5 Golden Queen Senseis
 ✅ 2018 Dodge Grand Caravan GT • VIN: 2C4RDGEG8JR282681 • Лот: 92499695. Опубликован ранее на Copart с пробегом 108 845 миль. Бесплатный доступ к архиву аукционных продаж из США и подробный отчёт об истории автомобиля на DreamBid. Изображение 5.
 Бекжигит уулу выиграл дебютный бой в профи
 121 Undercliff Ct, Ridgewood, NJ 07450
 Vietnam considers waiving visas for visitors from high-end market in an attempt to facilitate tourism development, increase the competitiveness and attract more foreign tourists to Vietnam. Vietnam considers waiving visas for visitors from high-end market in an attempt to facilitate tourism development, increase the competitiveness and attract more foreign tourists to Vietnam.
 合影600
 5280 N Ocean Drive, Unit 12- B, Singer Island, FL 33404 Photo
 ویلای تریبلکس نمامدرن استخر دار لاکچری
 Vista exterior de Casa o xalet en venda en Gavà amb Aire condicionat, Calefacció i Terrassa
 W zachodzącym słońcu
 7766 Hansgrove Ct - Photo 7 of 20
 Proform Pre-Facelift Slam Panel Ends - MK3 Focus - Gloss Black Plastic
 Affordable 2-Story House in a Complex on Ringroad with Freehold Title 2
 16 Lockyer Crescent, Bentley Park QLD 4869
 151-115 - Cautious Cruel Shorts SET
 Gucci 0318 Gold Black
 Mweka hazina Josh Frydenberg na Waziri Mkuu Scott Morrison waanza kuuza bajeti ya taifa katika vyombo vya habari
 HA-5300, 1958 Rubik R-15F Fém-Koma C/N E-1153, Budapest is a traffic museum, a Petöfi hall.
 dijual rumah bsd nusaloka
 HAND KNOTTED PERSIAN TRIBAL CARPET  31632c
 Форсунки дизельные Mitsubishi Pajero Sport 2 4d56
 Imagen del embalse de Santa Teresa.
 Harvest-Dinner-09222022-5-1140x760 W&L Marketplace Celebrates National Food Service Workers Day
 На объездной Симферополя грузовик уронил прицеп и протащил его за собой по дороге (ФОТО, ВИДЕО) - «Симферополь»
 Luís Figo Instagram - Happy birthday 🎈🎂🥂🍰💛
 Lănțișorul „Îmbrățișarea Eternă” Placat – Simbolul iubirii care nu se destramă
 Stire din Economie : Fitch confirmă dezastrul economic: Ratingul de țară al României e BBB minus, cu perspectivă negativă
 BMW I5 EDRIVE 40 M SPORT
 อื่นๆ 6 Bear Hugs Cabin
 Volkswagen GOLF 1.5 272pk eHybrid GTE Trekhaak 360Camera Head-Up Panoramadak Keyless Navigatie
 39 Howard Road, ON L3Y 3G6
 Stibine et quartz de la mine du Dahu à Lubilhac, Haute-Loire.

--------------------------------

When you answer, return each line of the material exactly as it was written.

Answer:
5 Golden Queen Senseis
 ✅ 2018 Dodge Grand Caravan GT • VIN: 2C4RDGEG8JR282681 • Лот: 92499695. Опубликован ранее на Copart с пробегом 108 845 миль. Бесплатный доступ к архиву аукционных продаж из США и подробный отчёт об истории автомобиля на DreamBid. Изображение 5.
 Бекжигит уулу выиграл дебютный бой в профи
 121 Undercliff Ct, Ridgewood, NJ 07450
 Vietnam considers waiving visas for visitors from high-end market in an attempt to facilitate tourism development, increase the competitiveness and attract more foreign tourists to Vietnam. Vietnam considers waiving visas for visitors from high-end market in an attempt to facilitate tourism development, increase the competitiveness and attract more foreign tourists to Vietnam.
 合影600
 5280 N Ocean Drive, Unit 12- B, Singer Island, FL 33404 Photo
 ویلای تریبلکس نمامدرن استخر دار لاکچری
 Vista exterior de Casa o xalet en venda en Gavà amb Aire condicionat, Calefacció i Terrassa
 W zachodzącym słońcu
 7766 Hansgrove Ct - Photo 7 of 20
 Proform Pre-Facelift Slam Panel Ends - MK3 Focus - Gloss Black Plastic
 Affordable 2-Story House in a Complex on Ringroad with Freehold Title 2
 16 Lockyer Crescent, Bentley Park QLD 4869
 151-115 - Cautious Cruel Shorts SET
 Gucci 0318 Gold Black
 Mweka hazina Josh Frydenberg na Waziri Mkuu Scott Morrison waanza kuuza bajeti ya taifa katika vyombo vya habari
 HA-5300, 1958 Rubik R-15F Fém-Koma C/N E-1153, Budapest is a traffic museum, a Petöfi hall.
 dijual rumah bsd nusaloka
 HAND KNOTTED PERSIAN TRIBAL CARPET  31632c
 Форсунки дизельные Mitsubishi Pajero Sport 2 4d56
 Imagen del embalse de Santa Teresa.
 Harvest-Dinner-09222022-5-1140x760 W&L Marketplace Celebrates National Food Service Workers Day
 На объездной Симферополя грузовик уронил прицеп и протащил его за собой по дороге (ФОТО, ВИДЕО) - «Симферополь»
 Luís Figo Instagram - Happy birthday 🎈🎂🥂🍰💛
 Lănțișorul „Îmbrățișarea Eternă” Placat – Simbolul iubirii care nu se destramă
 Stire din Economie : Fitch confirmă dezastrul economic: Ratingul de țară al României e BBB minus, cu perspectivă negativă
 BMW I5 EDRIVE 40 M SPORT
 อื่นๆ 6 Bear Hugs Cabin
 Volkswagen GOLF 1.5 272pk eHybrid GTE Trekhaak 360Camera Head-Up Panoramadak Keyless Navigatie
 39 Howard Road, ON L3Y 3G6
 Stibine et quartz de la mine du Dahu à Lubilhac, Haute-Loire.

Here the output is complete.